_Task requirements_
Restate word for word every line from the top of the data below down through the line that holds "فستان مزدوج".

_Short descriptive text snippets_

- Opening Delimiter -

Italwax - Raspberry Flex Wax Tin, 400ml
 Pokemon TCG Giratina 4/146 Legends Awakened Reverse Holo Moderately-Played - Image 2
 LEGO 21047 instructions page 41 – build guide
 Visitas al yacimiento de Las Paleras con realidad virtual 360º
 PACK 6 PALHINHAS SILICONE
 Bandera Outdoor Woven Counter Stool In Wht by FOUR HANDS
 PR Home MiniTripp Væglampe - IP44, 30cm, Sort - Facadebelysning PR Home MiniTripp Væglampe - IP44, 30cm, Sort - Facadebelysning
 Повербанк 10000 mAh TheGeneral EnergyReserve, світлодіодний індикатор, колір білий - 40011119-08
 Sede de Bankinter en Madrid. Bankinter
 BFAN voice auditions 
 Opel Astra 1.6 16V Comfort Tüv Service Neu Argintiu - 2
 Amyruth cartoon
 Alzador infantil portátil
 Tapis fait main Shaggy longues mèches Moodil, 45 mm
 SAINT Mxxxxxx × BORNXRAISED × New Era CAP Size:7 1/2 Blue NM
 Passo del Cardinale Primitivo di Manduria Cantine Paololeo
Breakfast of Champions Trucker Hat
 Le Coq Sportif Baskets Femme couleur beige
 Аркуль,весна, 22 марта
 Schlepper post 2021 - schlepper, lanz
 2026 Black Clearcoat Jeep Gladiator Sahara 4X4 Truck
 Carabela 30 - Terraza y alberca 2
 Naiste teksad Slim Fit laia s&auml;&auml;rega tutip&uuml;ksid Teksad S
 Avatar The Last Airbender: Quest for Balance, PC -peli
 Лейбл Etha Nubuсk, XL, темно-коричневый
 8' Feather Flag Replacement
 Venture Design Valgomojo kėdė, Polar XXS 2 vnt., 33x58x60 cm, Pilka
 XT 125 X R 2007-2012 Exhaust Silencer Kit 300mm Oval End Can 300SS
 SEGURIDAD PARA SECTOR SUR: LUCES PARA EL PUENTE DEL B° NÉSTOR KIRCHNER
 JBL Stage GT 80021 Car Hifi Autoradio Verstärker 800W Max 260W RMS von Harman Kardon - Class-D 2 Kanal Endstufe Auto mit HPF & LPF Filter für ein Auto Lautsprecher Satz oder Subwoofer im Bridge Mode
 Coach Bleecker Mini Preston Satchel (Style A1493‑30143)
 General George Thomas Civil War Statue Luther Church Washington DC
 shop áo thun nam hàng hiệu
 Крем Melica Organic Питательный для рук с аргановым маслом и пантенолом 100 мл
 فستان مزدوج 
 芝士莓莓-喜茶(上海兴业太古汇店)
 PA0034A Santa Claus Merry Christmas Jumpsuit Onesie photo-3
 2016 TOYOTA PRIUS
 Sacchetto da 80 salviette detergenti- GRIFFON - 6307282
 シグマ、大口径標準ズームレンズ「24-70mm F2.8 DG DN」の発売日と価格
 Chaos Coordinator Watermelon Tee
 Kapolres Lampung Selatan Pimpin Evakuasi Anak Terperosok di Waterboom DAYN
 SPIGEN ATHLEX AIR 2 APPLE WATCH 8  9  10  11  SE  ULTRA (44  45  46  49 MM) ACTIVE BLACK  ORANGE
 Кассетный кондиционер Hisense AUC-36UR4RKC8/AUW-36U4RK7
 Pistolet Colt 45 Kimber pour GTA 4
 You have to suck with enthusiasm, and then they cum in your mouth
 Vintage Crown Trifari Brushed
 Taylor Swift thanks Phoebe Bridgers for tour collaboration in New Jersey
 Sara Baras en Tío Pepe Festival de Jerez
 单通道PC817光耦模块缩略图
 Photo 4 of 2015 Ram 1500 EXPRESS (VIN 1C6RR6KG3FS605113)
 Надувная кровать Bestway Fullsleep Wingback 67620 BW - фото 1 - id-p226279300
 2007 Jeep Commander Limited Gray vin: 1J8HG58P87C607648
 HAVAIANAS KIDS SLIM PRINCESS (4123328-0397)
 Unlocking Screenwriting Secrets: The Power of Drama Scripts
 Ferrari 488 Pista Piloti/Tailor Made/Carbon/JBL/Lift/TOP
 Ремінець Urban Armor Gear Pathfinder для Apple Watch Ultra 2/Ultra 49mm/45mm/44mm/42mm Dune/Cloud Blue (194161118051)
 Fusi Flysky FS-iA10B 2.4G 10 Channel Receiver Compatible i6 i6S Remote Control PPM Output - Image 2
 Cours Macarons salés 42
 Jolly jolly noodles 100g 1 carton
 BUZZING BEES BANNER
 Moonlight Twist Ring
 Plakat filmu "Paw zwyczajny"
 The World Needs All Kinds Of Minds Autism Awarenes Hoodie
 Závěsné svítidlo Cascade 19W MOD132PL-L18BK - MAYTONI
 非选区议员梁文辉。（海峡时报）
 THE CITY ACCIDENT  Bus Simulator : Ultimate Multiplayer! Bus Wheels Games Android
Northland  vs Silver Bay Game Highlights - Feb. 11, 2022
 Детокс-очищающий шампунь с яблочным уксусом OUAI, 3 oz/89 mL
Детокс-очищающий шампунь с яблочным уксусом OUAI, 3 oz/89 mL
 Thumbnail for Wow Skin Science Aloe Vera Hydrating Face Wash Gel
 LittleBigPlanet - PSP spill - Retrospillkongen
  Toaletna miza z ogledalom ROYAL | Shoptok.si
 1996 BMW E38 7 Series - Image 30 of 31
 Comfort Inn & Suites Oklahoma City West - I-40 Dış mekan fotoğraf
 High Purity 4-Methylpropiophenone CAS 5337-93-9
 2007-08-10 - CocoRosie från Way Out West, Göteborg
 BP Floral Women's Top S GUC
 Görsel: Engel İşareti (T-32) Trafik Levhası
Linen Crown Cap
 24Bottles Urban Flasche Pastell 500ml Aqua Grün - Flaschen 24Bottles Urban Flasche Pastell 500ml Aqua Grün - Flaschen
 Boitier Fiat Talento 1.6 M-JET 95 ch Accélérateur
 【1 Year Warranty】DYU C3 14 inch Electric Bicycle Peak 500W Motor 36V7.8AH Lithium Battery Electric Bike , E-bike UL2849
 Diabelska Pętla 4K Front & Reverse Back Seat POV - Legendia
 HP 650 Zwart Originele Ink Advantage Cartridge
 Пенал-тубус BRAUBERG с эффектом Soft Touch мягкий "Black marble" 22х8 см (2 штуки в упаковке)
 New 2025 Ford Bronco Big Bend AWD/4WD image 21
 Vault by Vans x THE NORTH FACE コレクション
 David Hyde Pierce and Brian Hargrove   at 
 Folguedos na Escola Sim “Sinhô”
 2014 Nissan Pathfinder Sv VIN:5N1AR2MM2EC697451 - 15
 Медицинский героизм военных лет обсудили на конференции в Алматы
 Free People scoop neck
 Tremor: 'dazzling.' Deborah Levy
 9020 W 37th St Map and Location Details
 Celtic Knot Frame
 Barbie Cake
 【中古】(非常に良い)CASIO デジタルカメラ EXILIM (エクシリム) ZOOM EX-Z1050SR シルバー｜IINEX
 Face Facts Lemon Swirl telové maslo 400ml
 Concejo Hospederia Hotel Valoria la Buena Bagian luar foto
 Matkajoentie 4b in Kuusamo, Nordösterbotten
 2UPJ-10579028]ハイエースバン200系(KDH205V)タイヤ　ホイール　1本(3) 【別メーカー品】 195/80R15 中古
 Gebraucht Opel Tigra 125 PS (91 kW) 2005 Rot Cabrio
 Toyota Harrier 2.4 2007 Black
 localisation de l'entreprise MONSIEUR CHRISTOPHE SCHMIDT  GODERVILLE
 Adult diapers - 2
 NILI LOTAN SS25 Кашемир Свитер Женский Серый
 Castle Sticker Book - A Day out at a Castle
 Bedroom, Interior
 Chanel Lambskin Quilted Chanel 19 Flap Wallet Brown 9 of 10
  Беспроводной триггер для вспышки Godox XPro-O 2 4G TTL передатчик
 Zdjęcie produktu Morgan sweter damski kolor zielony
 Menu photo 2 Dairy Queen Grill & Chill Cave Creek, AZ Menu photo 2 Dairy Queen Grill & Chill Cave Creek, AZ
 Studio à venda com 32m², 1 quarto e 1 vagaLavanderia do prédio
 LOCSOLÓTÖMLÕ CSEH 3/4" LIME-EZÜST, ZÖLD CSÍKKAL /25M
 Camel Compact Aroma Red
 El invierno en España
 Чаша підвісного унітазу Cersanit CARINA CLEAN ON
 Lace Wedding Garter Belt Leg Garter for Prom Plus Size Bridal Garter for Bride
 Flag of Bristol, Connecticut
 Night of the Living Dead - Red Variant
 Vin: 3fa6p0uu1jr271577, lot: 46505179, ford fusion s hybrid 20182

- Closing Delimiter -

_Worked solution_
Italwax - Raspberry Flex Wax Tin, 400ml
 Pokemon TCG Giratina 4/146 Legends Awakened Reverse Holo Moderately-Played - Image 2
 LEGO 21047 instructions page 41 – build guide
 Visitas al yacimiento de Las Paleras con realidad virtual 360º
 PACK 6 PALHINHAS SILICONE
 Bandera Outdoor Woven Counter Stool In Wht by FOUR HANDS
 PR Home MiniTripp Væglampe - IP44, 30cm, Sort - Facadebelysning PR Home MiniTripp Væglampe - IP44, 30cm, Sort - Facadebelysning
 Повербанк 10000 mAh TheGeneral EnergyReserve, світлодіодний індикатор, колір білий - 40011119-08
 Sede de Bankinter en Madrid. Bankinter
 BFAN voice auditions 
 Opel Astra 1.6 16V Comfort Tüv Service Neu Argintiu - 2
 Amyruth cartoon
 Alzador infantil portátil
 Tapis fait main Shaggy longues mèches Moodil, 45 mm
 SAINT Mxxxxxx × BORNXRAISED × New Era CAP Size:7 1/2 Blue NM
 Passo del Cardinale Primitivo di Manduria Cantine Paololeo
Breakfast of Champions Trucker Hat
 Le Coq Sportif Baskets Femme couleur beige
 Аркуль,весна, 22 марта
 Schlepper post 2021 - schlepper, lanz
 2026 Black Clearcoat Jeep Gladiator Sahara 4X4 Truck
 Carabela 30 - Terraza y alberca 2
 Naiste teksad Slim Fit laia s&auml;&auml;rega tutip&uuml;ksid Teksad S
 Avatar The Last Airbender: Quest for Balance, PC -peli
 Лейбл Etha Nubuсk, XL, темно-коричневый
 8' Feather Flag Replacement
 Venture Design Valgomojo kėdė, Polar XXS 2 vnt., 33x58x60 cm, Pilka
 XT 125 X R 2007-2012 Exhaust Silencer Kit 300mm Oval End Can 300SS
 SEGURIDAD PARA SECTOR SUR: LUCES PARA EL PUENTE DEL B° NÉSTOR KIRCHNER
 JBL Stage GT 80021 Car Hifi Autoradio Verstärker 800W Max 260W RMS von Harman Kardon - Class-D 2 Kanal Endstufe Auto mit HPF & LPF Filter für ein Auto Lautsprecher Satz oder Subwoofer im Bridge Mode
 Coach Bleecker Mini Preston Satchel (Style A1493‑30143)
 General George Thomas Civil War Statue Luther Church Washington DC
 shop áo thun nam hàng hiệu
 Крем Melica Organic Питательный для рук с аргановым маслом и пантенолом 100 мл
 فستان مزدوج 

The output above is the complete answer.